The decision



Upper Tribunal
(Immigration and Asylum Chamber) Appeal Number: PA/04950/2018


THE IMMIGRATION ACTS


Heard at Bradford
Decision & Reasons promulgated
On 2 April 2019
On 1 May 2019


Before

UPPER TRIBUNAL JUDGE HANSON


Between

THE SECRETARY OF STATE FOR THE HOME DEPARTMENT
Appellant
and

AA
(anonymity direction made)
Respondent


Representation:
For the Appellant: Mrs R Pettersen Senior Home Office Presenting Officer.
For the Respondent: Miss S Sanders instructed by Nebula Law Solicitors.
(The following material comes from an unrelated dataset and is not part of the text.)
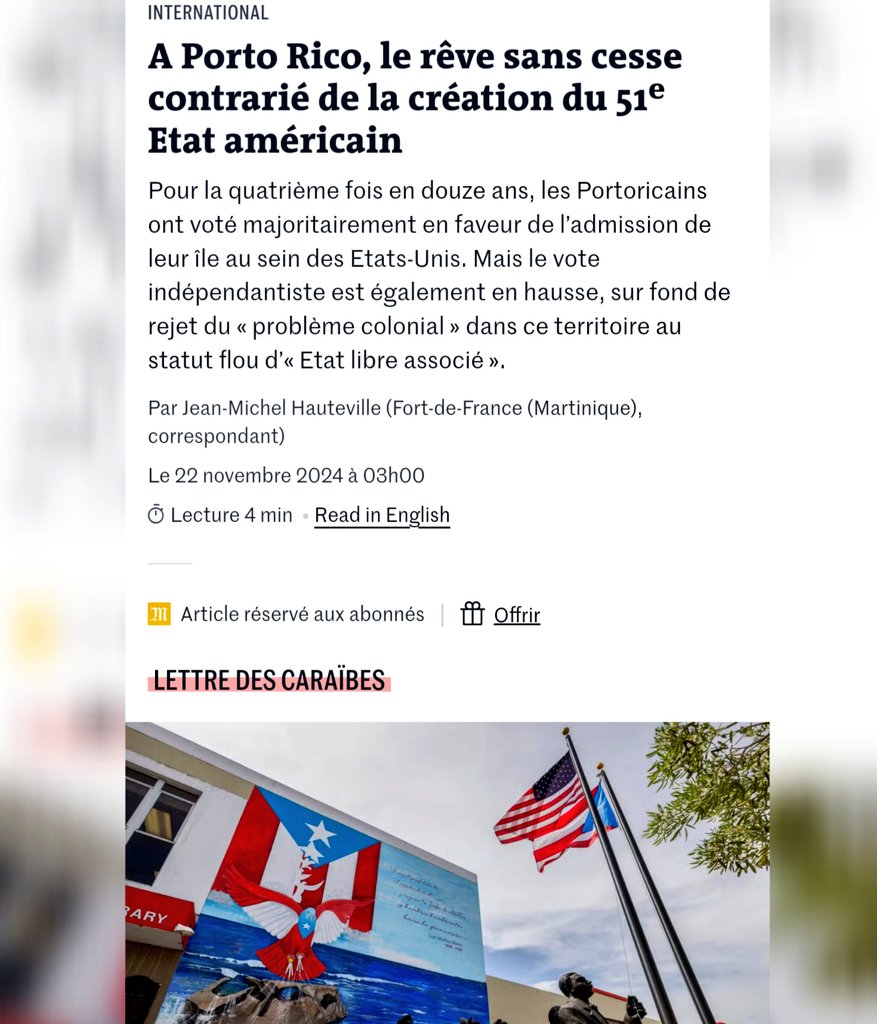 Le 5 novembre, les Portoricains ont voté, pour la quatrième fois, pour que leur île, sous souveraineté américaine depuis 1898, soit admise au sein des États-Unis. Quels sont les enjeux de l'«étatisation» de Porto Rico et pourquoi Washington refuse? À lire dans <a href="/lemondefr/">Le Monde</a> 🇵🇷🇺🇲📰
ERROR OF LAW FINDING AND REASONS

1. The Secretary of State appeals with permission a decision of First-Tier Tribunal Judge Turnock who, in a decision promulgated on 18 July 2018, allowed AA's appeal pursuant to article 3 ECHR.


Background

2. The above respondent, AA, is a male citizen of Iraq born on 3 April 1980. The Judge sets out his immigration history between [2 - 14] of the decision under challenge. At [47] the Judge notes AA was sentenced to 18 months imprisonment on 1 July 2011 for seeking to obtain leave to remain in the United Kingdom by deception. The Judge sets out the sentencing remarks in this paragraph. As a result a deportation order was made against AA.
3. The Judge sets out findings of fact from [68] in which there is reference at [87] to the country guidance case of AAH. The core findings are set out between [102 - 106] and [108 - 110] in the following terms:

102. There is no doubt that the Appellant's credibility is damaged by the previous findings and by virtue of the criminal offence, particularly taking account of the nature of the offence. However, it does not follow that he cannot be believed about anything he says. Account can be taken of the fact that his criminal offence was committed in 2006 and that he has not committed any offences subsequently.
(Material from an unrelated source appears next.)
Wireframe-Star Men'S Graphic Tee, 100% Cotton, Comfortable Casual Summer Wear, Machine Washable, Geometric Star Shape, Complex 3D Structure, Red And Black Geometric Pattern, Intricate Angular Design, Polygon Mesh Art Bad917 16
103. The Appellant has now been away from Iraq for some 18 years during which time the country has been in a state of turmoil and upheaval. It is entirely plausible that he is no longer aware of the whereabouts and circumstances of his uncle in Dohuk. There has never been any evidence presented to suggest that he was in possession of a CSID card and I accept that he does not have one. I also accept that he does not have any wider family in Iraq.

104. With regard to the suggestion that he might be able to obtain a replacement CSID card that is far from being a straightforward matter. As was explained in AAH (at paragraph 20) an individual is considered to be 'from' the Governate or district where his family registration is held. Where that is, subject to certain exceptions, will usually be where his or her father was registered.
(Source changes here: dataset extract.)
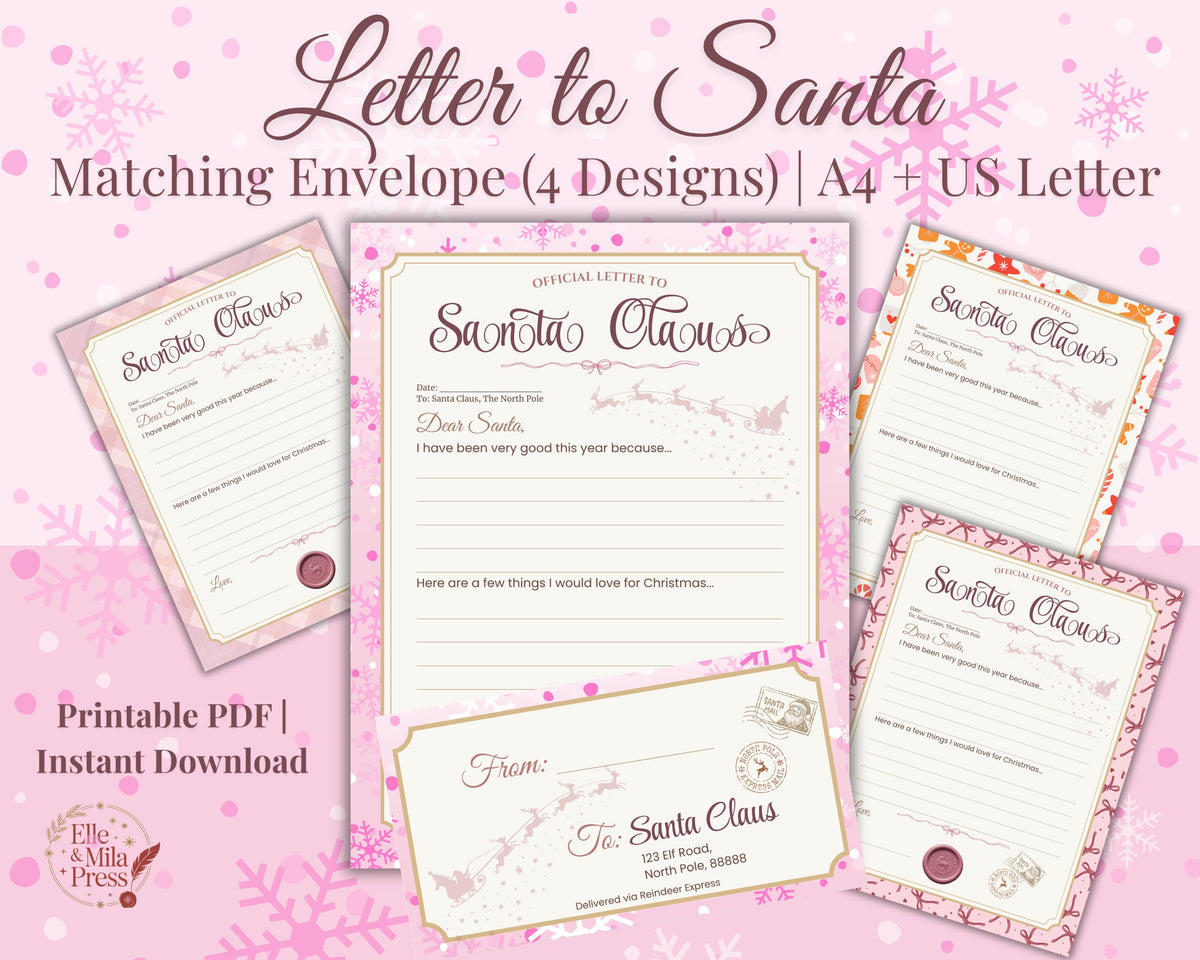 Letter to Santa Set | Printable Christmas List & Envelope (PDF)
105. Therefore, even though the Appellant's most recent address in Iraq was in Dohuk his registration district would remain Mosul. A replacement card would have to be sought from there. As was further explained in AAH, at paragraph 28, the only way that a totally undocumented Iraqi could realistically hope to obtain a new CSID will be the attendance at the Civil Registry of a male family member prepared to vouch for him or her. The production of a CSID from, for instance, an uncle, would enable the Registrar to trace back through the record to find an individual's father, and in turn him.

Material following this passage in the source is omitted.